[DATASET EXTRACT]:
>>>
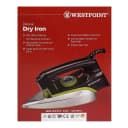 Westpoint WF-2430 Deluxe Dry Iron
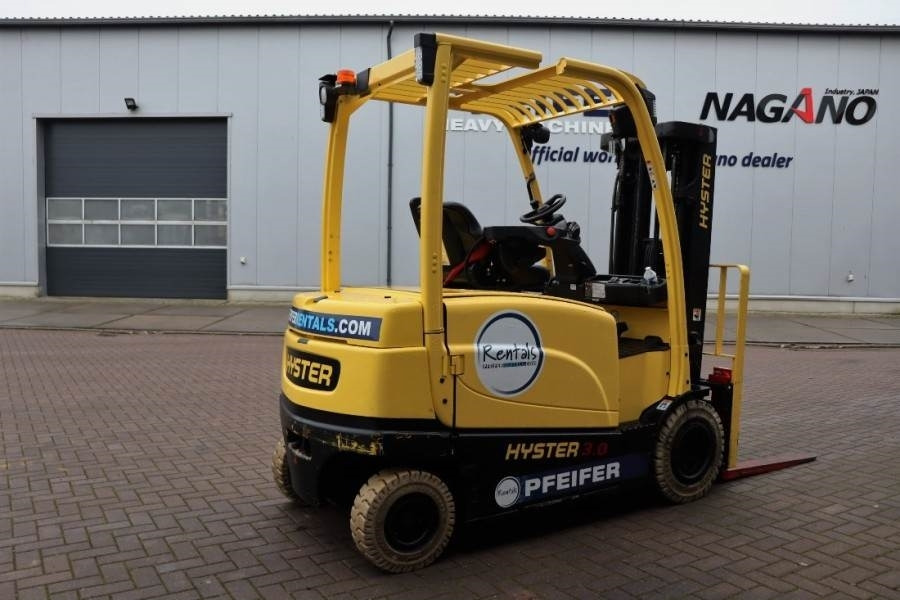 Hyster J3.0XN Valid inspection, *Guarantee! 3t Electric F - Carretilla elevadora diésel: foto 3 Hyster J3.0XN Valid inspection, *Guarantee! 3t Electric F - Carretilla elevadora diésel: foto 3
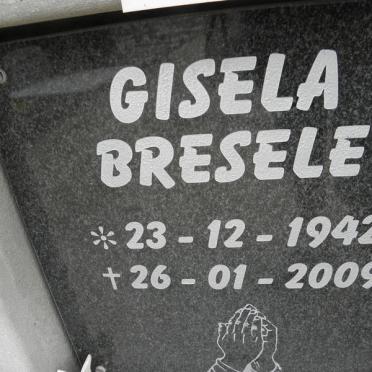 BRESELE Gisela 1942-2009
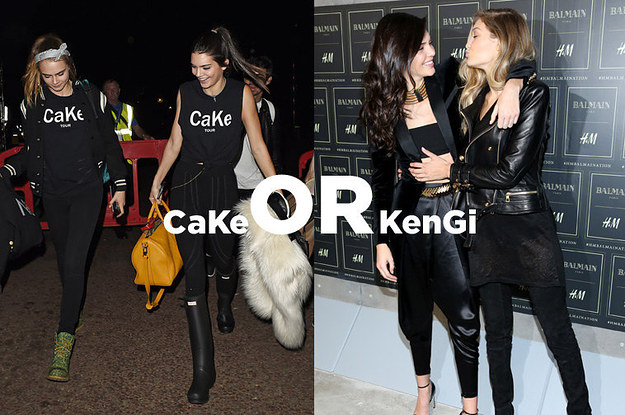 Kendall Jenner ditches sister Kylie and creates CaKe clothing brand with Cara  Delevingne - OK! Magazine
<<<
[TO DO]:
The data above, line by line: transcribe it exactly and drop the pictures.

[RESPONSE TO THIS EXERCISE]:
 Westpoint WF-2430 Deluxe Dry Iron
 Hyster J3.0XN Valid inspection, *Guarantee! 3t Electric F - Carretilla elevadora diésel: foto 3 Hyster J3.0XN Valid inspection, *Guarantee! 3t Electric F - Carretilla elevadora diésel: foto 3
 BRESELE Gisela 1942-2009
 Kendall Jenner ditches sister Kylie and creates CaKe clothing brand with Cara  Delevingne - OK! Magazine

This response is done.